Naya hanya tersenyum tipis menanggapi ucapan wanita tersebut. Bagi Naya yang baru mengenal Argio, ucapan pria itu sangat menyakitkan dan panas di telinga. Walaupun orang mengatakan pria itu sangat baik tapi ucapannya begitu menyakitkan.
"Kalau begitu saya izin pulang," pamit Naya yang dibalas anggukan oleh Merry.
Merry menghela Napas berat setelah sosok wanita muda itu mulai menghilang dari pandangan matanya. Rasa kasihan merambat dalam benaknya. Ia sudah mengetahui semuanya termasuk niat wanita itu yang ingin menjual keperawanannya untuk pengobatan ibunya.
"Semoga saja masalah dan kesusahannya cepat selesai," gumam Merry, sesaat kemudian ia menutup pintu mansion.
•
•Wanita paruh baya yang terbaring di brankar menoleh ketika pintu terbuka dan menampilkan sosok putrinya. Seulas senyum tipis terbingkai di bibir pucatnya.
"Kamu ke mana saja, Nak?" Pertanyaan muncul kala Naya melangkah mendekati brankar sang ibu.
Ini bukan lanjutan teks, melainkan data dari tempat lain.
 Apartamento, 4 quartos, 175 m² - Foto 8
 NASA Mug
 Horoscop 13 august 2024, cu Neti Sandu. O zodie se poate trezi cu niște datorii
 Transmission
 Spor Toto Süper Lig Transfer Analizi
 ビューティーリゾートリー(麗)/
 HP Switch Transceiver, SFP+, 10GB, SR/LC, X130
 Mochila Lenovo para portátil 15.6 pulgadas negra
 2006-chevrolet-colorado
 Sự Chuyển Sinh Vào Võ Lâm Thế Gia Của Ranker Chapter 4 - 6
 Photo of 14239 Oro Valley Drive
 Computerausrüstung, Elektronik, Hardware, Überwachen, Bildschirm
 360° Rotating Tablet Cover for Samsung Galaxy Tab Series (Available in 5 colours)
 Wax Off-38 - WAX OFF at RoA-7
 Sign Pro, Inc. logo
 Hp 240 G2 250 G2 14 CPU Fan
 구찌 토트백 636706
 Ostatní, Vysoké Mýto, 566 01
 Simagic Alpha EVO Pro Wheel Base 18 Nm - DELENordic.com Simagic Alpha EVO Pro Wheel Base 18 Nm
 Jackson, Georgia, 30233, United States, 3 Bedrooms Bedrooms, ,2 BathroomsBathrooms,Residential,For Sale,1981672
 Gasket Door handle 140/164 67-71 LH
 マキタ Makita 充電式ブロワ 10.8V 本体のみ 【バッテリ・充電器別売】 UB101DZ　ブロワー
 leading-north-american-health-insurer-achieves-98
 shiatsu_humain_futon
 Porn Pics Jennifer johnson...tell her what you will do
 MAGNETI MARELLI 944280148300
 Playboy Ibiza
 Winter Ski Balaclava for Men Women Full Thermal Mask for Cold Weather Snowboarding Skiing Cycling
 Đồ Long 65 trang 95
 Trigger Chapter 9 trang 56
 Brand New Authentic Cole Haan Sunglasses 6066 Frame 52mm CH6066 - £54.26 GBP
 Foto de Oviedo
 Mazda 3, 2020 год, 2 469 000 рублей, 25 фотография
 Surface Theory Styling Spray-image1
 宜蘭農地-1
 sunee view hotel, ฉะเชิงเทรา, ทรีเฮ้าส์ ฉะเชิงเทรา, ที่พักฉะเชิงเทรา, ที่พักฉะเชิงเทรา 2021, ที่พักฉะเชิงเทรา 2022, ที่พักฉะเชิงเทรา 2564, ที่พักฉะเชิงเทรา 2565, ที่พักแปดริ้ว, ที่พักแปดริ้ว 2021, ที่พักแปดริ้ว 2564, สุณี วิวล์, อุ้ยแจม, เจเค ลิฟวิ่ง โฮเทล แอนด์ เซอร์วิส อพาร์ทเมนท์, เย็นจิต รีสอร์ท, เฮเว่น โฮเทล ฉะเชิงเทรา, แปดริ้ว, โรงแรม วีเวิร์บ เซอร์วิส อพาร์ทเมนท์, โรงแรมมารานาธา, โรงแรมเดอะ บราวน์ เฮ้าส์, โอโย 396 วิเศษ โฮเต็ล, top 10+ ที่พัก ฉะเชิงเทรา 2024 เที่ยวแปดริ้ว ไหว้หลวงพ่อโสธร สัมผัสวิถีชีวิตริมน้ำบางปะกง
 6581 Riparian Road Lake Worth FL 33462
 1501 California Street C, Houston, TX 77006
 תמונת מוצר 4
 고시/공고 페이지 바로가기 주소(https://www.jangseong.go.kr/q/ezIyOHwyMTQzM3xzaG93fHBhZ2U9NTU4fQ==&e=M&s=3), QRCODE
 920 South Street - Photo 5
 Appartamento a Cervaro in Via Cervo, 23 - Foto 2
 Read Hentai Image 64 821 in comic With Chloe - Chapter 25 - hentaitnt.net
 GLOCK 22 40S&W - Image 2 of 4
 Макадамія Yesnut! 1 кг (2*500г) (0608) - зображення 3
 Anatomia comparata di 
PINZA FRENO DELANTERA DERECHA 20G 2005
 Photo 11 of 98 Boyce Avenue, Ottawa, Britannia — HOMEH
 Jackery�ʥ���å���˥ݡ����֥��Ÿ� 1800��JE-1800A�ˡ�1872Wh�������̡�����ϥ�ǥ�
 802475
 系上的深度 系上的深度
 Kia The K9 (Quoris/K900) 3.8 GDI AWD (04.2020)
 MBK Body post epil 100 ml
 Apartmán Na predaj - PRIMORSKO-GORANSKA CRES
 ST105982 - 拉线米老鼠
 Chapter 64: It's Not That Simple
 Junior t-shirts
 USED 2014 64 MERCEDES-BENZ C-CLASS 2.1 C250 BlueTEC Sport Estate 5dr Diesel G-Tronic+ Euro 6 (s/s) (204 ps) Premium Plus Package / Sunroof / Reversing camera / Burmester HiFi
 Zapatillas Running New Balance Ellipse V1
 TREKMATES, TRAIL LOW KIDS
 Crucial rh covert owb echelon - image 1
Ia meletakkan barang yang ia bawa ke atas meja." Apa yang kamu bawa?"
Bu Ani kembali bertanya, menatap gumpalan kain di atas meja. Naya menarik napas dalam-dalam berusaha menetralkan perasaan yang menghimpit rongga dadanya. Naya menarik kursi lalu duduk di sana.
"Aku mencari pekerjaan, Bu. Barang yang aku bawa itu seragam kerjaku."
"Ooh ya. Jadi kamu bekerja, Nak?" Raut wajah bu Ani tampak sumringah.
Naya mengangguk pelan."Baru saja di terima, Bu. Doakan semoga Naya lancar kerjanya."
"Lalu, bagaimana dengan kuliahmu?"
Naya terdiam sejenak mendengar pertanyaan yang kembali tercetus dari mulut ibunya."Ibu tenang saja. Aku akan kuliah seperti biasa. Yang terpenting sekarang ibu cepat sembuh dan bisa pulang ke rumah."
"Ibu ingin secepatnya pulang dari sini, Nay. Ibu tidak ingin membuat kamu terbebani dengan biaya rumah sakit," lirih bu Ani.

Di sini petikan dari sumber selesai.